Data extract: Begin

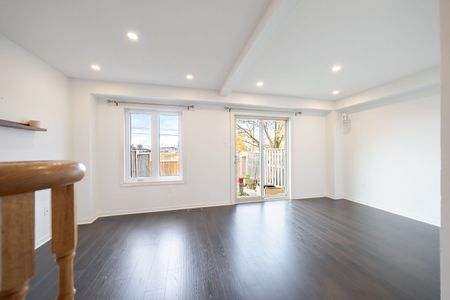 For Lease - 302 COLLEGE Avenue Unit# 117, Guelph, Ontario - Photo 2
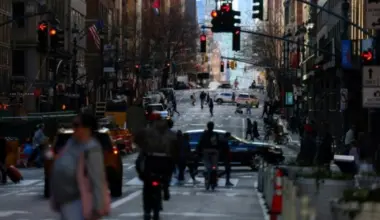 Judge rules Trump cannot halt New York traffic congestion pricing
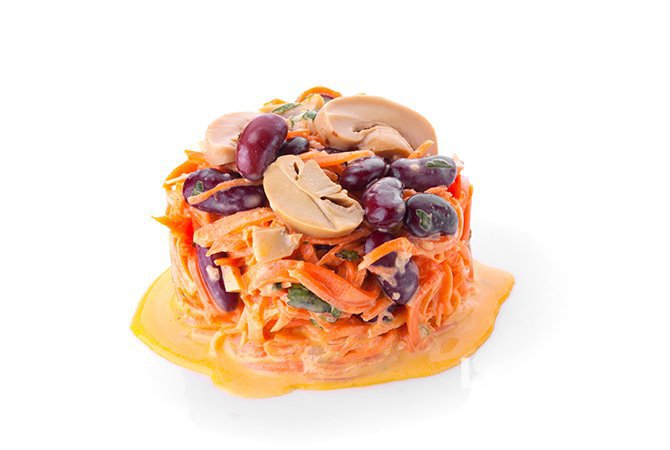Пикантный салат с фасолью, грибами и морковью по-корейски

Data extract: End

Print the material above exactly, skipping its images.

--- Final answer ---
 For Lease - 302 COLLEGE Avenue Unit# 117, Guelph, Ontario - Photo 2
 Judge rules Trump cannot halt New York traffic congestion pricing
Пикантный салат с фасолью, грибами и морковью по-корейски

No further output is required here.